Happiness: An Exhortation

In this work-and-spend world, "happiness" is simply a marketing gimmick.

We're taught that we "should" enjoy this and we "shouldn't" enjoy that. That drinking sharpens your social skills and helps you pick up the girls, that doing drugs is bad (but fun), that sex is a need and a requirement and basically the only consolation to our lonely, dreary mortality.

The cultural message today is that stuff will make us happy, and that in turn, happiness is what we want; that status gives us power, and that power is what we want; and overall, that what "everyone else" finds pleasurable and motivating is what YOU should find pleasureable and motivating. But as long as we all are individuals - with individual hopes, fears, beliefs and dreams - this message is entirely false.

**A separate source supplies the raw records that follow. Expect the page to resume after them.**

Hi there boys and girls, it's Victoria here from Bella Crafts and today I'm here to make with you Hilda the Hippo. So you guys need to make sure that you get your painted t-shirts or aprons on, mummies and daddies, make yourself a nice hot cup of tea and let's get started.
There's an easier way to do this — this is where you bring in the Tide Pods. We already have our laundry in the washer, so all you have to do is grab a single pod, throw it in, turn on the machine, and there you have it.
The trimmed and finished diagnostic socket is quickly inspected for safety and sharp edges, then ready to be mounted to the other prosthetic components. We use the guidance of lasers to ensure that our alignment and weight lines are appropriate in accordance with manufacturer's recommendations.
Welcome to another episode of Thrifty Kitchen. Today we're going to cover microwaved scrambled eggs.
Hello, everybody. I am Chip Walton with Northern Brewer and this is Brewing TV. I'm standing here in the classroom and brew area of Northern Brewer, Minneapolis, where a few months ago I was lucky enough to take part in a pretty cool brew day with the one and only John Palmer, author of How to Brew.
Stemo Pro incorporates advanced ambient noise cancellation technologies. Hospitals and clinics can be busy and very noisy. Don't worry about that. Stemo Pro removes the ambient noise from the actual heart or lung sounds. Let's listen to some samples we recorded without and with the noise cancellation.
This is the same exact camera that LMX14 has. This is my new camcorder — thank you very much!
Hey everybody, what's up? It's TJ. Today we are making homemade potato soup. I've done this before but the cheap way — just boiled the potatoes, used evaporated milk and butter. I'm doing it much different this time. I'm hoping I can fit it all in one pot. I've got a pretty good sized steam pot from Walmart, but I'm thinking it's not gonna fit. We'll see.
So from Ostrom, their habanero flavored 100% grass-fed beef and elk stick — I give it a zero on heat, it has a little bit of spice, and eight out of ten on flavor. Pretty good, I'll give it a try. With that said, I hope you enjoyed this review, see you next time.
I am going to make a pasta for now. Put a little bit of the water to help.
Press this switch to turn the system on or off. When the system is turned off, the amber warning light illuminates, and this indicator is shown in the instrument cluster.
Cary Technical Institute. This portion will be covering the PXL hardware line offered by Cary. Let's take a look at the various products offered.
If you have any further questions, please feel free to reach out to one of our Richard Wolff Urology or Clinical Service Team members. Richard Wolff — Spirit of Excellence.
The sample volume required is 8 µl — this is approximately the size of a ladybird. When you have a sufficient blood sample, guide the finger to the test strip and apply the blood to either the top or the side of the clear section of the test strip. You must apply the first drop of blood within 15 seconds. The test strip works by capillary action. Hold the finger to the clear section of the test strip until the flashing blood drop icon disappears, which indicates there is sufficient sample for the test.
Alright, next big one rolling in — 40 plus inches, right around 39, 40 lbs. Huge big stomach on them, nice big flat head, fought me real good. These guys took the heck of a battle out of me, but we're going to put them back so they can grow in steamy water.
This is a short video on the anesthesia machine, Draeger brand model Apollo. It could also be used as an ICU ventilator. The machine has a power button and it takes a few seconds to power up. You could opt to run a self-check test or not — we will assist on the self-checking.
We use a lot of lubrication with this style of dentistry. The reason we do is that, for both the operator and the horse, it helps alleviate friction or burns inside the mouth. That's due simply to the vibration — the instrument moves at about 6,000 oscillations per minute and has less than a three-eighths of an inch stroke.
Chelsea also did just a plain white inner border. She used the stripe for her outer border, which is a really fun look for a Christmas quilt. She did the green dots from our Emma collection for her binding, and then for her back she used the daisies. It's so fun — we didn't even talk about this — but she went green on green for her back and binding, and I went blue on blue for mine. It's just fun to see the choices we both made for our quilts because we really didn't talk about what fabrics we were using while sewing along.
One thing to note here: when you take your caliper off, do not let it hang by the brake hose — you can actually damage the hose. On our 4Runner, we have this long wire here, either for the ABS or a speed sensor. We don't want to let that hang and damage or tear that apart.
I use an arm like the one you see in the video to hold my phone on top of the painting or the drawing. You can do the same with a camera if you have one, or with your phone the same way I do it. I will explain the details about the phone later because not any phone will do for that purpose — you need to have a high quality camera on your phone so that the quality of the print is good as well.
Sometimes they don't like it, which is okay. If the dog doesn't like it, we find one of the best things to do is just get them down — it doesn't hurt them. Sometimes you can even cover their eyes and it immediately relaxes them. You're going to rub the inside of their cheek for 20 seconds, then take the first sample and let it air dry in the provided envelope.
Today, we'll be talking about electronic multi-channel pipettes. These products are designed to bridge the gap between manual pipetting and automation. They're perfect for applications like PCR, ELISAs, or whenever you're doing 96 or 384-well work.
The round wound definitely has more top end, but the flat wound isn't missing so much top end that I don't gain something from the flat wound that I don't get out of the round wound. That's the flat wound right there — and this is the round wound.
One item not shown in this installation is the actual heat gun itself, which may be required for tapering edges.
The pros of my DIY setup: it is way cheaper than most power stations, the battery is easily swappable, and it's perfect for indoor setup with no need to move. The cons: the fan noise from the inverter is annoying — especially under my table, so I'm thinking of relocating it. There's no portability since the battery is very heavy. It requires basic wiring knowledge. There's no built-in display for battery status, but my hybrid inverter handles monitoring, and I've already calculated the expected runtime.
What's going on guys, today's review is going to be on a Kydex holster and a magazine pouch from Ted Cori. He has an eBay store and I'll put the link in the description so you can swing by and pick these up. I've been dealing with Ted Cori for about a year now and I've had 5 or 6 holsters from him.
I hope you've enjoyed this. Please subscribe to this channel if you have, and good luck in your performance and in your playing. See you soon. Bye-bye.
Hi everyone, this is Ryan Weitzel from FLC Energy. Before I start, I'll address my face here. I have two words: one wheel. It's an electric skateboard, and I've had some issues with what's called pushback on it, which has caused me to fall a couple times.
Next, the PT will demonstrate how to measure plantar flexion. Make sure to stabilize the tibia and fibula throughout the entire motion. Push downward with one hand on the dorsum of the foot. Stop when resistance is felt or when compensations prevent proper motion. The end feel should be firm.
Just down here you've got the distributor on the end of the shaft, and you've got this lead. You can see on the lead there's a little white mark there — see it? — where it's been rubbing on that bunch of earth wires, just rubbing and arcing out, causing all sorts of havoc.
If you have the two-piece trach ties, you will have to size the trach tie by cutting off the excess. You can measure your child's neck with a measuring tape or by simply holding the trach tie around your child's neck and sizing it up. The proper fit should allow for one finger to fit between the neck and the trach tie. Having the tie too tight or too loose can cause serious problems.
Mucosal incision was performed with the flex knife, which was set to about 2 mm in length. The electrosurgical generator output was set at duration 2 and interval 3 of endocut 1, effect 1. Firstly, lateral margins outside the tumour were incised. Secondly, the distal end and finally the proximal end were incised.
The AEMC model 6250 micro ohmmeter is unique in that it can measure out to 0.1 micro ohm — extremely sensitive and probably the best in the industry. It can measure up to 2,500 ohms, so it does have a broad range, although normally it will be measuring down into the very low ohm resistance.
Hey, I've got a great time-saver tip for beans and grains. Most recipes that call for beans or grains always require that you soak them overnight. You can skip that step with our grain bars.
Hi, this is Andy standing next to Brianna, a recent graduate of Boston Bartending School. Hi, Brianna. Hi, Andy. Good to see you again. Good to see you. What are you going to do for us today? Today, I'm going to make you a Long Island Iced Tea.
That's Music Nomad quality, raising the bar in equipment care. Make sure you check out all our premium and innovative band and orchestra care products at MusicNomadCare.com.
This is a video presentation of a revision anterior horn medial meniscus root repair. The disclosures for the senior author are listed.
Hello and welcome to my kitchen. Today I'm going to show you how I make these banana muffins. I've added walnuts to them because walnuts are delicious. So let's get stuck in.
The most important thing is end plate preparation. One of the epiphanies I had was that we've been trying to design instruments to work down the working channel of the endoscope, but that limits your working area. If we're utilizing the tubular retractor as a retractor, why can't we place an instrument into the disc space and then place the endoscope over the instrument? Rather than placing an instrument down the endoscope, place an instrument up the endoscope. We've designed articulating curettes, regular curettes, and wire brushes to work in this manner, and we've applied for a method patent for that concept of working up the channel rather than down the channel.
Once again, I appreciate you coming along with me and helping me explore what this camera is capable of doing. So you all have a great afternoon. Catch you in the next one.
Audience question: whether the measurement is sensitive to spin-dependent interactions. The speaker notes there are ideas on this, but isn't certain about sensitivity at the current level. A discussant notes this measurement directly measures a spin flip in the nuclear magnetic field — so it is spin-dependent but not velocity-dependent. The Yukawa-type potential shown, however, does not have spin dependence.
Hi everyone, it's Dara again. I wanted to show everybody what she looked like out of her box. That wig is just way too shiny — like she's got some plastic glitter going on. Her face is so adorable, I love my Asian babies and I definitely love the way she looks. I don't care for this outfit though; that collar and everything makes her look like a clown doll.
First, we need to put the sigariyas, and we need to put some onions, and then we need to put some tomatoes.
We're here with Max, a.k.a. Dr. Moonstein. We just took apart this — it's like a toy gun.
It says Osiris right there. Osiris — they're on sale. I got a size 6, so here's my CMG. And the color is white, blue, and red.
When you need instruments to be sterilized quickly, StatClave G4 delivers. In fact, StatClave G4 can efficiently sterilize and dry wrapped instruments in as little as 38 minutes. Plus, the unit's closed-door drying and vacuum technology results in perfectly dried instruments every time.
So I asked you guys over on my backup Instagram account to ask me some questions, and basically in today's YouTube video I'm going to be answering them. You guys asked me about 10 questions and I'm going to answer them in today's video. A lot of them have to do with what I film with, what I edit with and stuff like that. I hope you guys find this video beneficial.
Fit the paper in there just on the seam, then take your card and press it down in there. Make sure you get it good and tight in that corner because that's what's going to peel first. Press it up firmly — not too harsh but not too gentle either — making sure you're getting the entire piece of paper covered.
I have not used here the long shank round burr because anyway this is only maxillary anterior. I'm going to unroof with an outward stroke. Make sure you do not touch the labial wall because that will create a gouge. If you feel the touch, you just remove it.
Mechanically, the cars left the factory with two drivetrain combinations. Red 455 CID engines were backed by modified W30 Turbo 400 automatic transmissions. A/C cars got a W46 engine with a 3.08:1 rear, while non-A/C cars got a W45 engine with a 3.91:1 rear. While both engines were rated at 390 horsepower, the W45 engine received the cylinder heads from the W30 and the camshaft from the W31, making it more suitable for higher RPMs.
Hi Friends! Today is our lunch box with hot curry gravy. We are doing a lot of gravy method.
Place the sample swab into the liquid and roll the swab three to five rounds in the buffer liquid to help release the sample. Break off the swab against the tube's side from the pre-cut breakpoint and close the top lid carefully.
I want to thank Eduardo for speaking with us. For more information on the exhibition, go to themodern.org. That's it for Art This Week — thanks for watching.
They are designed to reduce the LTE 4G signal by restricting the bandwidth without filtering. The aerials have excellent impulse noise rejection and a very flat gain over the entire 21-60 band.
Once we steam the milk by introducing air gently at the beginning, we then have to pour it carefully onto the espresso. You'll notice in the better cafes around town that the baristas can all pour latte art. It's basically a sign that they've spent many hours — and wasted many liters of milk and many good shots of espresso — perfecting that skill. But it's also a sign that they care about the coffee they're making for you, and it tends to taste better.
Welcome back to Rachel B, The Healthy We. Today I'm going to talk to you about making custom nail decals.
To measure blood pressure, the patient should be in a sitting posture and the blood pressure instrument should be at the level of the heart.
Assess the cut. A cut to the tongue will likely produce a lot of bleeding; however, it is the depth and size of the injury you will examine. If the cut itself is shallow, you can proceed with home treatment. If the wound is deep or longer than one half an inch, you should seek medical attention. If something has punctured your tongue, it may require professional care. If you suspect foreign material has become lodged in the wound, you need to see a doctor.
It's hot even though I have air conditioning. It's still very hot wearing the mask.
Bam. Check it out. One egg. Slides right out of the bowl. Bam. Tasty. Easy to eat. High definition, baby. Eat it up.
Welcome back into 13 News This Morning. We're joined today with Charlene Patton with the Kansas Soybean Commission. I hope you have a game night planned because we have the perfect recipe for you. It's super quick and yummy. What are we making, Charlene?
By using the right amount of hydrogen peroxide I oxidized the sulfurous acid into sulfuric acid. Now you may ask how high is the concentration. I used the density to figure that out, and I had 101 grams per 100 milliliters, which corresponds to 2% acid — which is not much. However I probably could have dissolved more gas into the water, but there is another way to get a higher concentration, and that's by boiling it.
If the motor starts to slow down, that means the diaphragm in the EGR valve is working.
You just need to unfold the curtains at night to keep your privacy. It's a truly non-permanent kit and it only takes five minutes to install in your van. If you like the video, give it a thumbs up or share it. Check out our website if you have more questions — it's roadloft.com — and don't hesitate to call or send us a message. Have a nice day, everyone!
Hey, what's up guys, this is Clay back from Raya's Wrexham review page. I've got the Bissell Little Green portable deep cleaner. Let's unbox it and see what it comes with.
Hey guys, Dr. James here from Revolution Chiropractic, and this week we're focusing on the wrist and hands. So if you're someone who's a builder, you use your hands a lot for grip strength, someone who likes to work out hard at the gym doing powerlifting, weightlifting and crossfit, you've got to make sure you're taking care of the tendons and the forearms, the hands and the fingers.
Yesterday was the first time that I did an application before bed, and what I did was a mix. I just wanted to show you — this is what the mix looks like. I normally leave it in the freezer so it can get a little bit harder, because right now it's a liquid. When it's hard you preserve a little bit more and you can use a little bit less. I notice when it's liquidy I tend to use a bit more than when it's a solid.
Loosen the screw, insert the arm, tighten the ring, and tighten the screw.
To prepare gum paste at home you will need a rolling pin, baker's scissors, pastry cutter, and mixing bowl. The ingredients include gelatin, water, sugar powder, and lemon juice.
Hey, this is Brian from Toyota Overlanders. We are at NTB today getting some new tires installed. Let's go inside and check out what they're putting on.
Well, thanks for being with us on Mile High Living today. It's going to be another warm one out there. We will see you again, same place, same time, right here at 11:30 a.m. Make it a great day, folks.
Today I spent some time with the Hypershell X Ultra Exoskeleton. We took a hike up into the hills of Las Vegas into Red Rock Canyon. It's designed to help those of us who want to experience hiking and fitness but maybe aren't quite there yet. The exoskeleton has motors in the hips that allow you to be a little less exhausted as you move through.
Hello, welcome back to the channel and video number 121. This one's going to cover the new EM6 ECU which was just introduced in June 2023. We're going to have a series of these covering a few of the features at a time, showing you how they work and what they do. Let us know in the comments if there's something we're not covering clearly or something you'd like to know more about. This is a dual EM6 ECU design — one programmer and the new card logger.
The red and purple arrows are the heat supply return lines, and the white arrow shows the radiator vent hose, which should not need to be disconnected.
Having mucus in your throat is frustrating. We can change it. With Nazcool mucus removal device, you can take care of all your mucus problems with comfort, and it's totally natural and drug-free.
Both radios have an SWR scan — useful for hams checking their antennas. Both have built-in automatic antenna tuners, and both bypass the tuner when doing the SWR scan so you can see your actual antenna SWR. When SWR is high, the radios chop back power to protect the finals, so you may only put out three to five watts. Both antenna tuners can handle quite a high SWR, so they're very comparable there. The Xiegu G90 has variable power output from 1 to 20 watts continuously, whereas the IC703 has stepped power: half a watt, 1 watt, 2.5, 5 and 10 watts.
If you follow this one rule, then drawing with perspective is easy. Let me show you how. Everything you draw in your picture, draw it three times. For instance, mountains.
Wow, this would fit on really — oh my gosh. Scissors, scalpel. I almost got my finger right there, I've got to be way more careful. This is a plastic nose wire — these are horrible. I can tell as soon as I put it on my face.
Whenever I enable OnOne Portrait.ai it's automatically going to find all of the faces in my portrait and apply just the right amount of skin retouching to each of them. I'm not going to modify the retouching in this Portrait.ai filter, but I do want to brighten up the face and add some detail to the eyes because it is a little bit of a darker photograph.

We may strive for ideals that are infinite and undefined; joy, love, recognition, intimacy, companionship, peace, spiritual harmony, intellectual fulfillment, and something like Maslow's "self-actualization". Not all of us define or prioritize these ideals in the same way, and life is a journey which may not allow us to realize each of them.

Follow what you believe and don't be swayed by what "everyone else" thinks you should do, say, or enjoy. Forcing yourself to conform will only cause anger, unhappiness, and cognitive dissonance. Don't waste time ruminating on past failures and potential problems. Act in harmony with your values, with consideration for others, and - in everything - respect all life.